__WHAT YOU HAVE TO DO__.
In the data below, find the line containing "The Aussie Pacific", then set down that line and every later line up to and including the line containing "Bougain Villas Praia de Salad Exterior foto", exactly.

__DATA RECORDS__.

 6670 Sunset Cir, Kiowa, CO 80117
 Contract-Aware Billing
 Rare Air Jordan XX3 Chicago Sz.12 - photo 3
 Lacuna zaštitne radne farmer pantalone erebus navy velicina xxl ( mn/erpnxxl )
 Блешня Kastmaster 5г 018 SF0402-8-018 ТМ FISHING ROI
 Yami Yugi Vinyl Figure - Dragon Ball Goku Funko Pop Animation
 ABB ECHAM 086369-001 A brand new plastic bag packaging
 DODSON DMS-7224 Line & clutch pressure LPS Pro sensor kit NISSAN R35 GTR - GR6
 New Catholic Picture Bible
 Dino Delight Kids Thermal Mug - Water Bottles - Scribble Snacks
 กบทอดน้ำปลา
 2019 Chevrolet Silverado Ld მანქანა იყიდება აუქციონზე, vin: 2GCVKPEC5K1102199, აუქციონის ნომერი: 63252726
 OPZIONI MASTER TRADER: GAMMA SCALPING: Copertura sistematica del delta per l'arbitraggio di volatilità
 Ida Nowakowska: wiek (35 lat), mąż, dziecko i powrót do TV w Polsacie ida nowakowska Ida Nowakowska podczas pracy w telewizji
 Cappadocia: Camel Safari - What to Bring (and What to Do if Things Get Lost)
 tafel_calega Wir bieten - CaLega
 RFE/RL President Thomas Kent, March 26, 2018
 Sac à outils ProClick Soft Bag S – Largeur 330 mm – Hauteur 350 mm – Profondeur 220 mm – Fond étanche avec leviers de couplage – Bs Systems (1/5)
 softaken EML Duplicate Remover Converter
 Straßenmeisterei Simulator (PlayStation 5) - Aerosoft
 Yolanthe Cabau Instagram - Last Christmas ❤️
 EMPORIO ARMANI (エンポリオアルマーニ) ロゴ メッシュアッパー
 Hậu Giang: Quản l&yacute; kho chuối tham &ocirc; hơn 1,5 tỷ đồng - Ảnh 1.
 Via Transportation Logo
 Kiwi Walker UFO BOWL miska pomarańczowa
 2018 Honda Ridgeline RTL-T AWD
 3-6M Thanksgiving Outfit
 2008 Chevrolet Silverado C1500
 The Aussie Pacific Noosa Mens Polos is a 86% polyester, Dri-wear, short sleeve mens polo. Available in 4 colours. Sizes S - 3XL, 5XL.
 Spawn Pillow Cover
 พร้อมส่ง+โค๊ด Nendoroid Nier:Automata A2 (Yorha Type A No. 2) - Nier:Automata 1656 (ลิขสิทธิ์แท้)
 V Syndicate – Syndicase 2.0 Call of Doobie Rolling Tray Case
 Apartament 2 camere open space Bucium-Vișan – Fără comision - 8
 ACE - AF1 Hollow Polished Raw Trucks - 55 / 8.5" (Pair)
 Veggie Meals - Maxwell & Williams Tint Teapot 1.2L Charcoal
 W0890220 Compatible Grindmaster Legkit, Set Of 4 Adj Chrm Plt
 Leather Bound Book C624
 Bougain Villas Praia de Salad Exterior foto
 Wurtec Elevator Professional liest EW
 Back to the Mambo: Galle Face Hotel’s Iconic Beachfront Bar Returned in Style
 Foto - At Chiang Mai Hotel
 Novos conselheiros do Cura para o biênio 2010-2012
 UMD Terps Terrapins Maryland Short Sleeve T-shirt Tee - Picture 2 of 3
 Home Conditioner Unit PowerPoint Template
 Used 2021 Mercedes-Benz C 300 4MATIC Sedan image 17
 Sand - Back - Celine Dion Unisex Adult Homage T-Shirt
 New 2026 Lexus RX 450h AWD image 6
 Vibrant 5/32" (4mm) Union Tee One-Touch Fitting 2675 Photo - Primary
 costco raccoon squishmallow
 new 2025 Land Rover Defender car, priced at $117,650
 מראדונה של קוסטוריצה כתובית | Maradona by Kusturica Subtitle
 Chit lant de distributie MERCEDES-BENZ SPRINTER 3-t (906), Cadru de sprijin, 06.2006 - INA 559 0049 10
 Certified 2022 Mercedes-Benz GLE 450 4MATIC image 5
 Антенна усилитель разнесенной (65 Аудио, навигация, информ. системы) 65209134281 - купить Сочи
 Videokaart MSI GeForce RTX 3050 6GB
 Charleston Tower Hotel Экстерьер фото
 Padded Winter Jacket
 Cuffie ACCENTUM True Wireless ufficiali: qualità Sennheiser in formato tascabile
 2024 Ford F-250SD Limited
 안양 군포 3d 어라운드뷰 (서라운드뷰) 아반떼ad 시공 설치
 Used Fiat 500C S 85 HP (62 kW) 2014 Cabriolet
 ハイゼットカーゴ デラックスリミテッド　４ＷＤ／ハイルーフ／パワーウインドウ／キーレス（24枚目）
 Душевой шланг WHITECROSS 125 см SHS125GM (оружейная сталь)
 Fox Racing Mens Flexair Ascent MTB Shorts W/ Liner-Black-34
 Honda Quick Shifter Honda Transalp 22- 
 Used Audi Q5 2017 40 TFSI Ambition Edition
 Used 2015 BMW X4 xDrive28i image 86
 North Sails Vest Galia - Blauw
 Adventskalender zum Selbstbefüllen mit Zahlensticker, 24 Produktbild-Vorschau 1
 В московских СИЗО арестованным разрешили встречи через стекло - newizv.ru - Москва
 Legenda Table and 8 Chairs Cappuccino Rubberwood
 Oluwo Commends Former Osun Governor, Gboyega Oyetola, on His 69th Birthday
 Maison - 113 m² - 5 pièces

__EXPECTED ANSWER__.
 The Aussie Pacific Noosa Mens Polos is a 86% polyester, Dri-wear, short sleeve mens polo. Available in 4 colours. Sizes S - 3XL, 5XL.
 Spawn Pillow Cover
 พร้อมส่ง+โค๊ด Nendoroid Nier:Automata A2 (Yorha Type A No. 2) - Nier:Automata 1656 (ลิขสิทธิ์แท้)
 V Syndicate – Syndicase 2.0 Call of Doobie Rolling Tray Case
 Apartament 2 camere open space Bucium-Vișan – Fără comision - 8
 ACE - AF1 Hollow Polished Raw Trucks - 55 / 8.5" (Pair)
 Veggie Meals - Maxwell & Williams Tint Teapot 1.2L Charcoal
 W0890220 Compatible Grindmaster Legkit, Set Of 4 Adj Chrm Plt
 Leather Bound Book C624
 Bougain Villas Praia de Salad Exterior foto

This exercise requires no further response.